The Sequoia Project Releases a Useful Workgroup Report on Information and Pandemic Response

Noam H. ArztIn February 2022 the Sequoia Project released its Emergency Preparedness Information Workgroup’s Pandemic Response Insights and Recommendations. This workgroup was convened in the fall of 2020 at the height of the pandemic with a diverse set of stakeholders from all areas of the healthcare system. The resulting short report is worth a read as it offers concise analysis and recommendations.

The first task the workgroup undertook was to conduct a SWOT (strengths, weaknesses, opportunities, threats) analysis focused on pandemic response. There was a strong public health focus that resulted from this activity: “During a declared emergency, and during non-emergency times as well, public health should be viewed as a collaborator and partner with equal access to shared data” (p. 6). There was also a strong recognition that workforce capability has a lot to do with pandemic preparedness, as does the connection between what goes on at the local level and the national planning strategy.

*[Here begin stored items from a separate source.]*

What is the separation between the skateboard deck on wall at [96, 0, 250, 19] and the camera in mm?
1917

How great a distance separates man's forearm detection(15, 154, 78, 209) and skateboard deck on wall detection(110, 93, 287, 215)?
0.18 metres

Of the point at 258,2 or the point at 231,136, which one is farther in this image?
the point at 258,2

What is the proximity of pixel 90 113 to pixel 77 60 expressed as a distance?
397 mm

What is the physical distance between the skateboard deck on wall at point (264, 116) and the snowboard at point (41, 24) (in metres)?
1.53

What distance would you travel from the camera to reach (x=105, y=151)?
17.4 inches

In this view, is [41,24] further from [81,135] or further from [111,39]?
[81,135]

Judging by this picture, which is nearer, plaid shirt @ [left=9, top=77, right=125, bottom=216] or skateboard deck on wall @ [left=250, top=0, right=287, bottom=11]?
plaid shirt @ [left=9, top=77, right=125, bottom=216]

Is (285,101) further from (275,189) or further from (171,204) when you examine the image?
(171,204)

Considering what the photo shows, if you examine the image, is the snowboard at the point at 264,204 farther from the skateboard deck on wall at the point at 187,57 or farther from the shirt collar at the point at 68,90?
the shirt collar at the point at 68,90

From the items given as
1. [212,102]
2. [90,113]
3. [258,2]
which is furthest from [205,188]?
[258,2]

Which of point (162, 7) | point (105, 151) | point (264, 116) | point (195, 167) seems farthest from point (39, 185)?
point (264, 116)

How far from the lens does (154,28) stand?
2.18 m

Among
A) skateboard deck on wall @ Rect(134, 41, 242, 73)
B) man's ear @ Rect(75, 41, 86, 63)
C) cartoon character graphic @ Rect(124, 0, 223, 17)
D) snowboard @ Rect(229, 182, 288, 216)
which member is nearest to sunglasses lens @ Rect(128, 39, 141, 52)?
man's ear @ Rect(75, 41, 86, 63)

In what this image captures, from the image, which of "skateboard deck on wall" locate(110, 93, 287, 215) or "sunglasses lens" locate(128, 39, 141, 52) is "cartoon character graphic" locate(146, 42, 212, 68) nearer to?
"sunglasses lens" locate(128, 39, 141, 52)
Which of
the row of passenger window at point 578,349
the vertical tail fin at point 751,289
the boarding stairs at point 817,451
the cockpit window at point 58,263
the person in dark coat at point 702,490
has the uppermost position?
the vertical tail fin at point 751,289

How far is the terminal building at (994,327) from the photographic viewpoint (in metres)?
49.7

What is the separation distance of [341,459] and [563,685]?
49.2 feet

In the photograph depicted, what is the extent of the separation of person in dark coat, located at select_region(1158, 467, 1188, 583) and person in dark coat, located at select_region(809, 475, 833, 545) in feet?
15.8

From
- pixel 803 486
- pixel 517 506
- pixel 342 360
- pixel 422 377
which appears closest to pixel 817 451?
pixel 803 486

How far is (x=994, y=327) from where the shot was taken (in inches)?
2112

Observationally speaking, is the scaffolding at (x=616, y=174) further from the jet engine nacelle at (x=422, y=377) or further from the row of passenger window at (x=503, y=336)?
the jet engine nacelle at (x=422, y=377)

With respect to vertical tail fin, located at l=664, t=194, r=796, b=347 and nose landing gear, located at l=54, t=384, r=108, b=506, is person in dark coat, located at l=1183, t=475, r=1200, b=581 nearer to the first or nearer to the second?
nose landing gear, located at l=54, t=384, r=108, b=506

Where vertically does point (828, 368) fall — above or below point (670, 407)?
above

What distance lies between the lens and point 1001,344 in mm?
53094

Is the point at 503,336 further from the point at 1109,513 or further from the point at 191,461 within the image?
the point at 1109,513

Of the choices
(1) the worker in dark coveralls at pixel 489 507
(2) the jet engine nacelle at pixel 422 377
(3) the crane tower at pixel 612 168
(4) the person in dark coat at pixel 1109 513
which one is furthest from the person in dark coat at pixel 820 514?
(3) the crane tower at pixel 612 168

The report then provides sixteen succinct recommendations

  1. Reconcile Big Ideas with Realism
  2. Expand Access to Prescription Monitoring Program Data
  3. Stop Duplicative Efforts
  4. Evaluate Data Analytics Capabilities
  5. Support Vaccination Equity
  6. Share Vaccination Records Bi-Directionally
  7. Assess Public Health Emergency Response Technology Tools
  8. Support Healthcare Equity
  9. Address Public Health and Emergency Response IT Infrastructure
  10. Ease Legislative Policy and Regulatory Constraints for Data Sharing
  11. Identify State and Local Emergency Response Workforce Resources and Capabilities
  12. Develop Funding Sustainability and Matching
  13. Understand Funding Opportunities
  14. Address Policy Confusion
  15. Leverage the Lessons of Other States
  16. Build on Existing Infrastructure

With our focus in public health information technology, I was drawn to a few of these recommendations in particular. “Address Public Health and Emergency Response IT Infrastructure” is being largely addressed through CDC’s Data Modernization Initiative (DMI) as well as targeted Congressional funding for public health systems including Immunization Information Systems (IIS) and electronic case reporting (eCR). “Assess Public Health Emergency Response Technology Tools” will likely happen in that DMI context, but additional information needs to be made available to potential information technology procurers to assist in making good purchase decisions. Open source technologies should also play a major part in the solution landscape and there has been very little attention given to this in public health to date. 

I was puzzled a bit by “Share Vaccination Records Bi-Directionally.” Most IIS do in fact support data query by clinical providers, and an increasing number are enabling various forms of direct consumer access through portals and mobile apps including the issuance of vaccine credentials. As for the suggestion that HL7 v2 Admission, Discharge, and Transfer (ADT) messaging might somehow be useful when query is not available, this is not something that IIS are capable of supporting at this time. If anything, the future focus for IIS and data access will shift to HL7 Fast Healthcare Interoperability Resources (FHIR), but even that is some time off.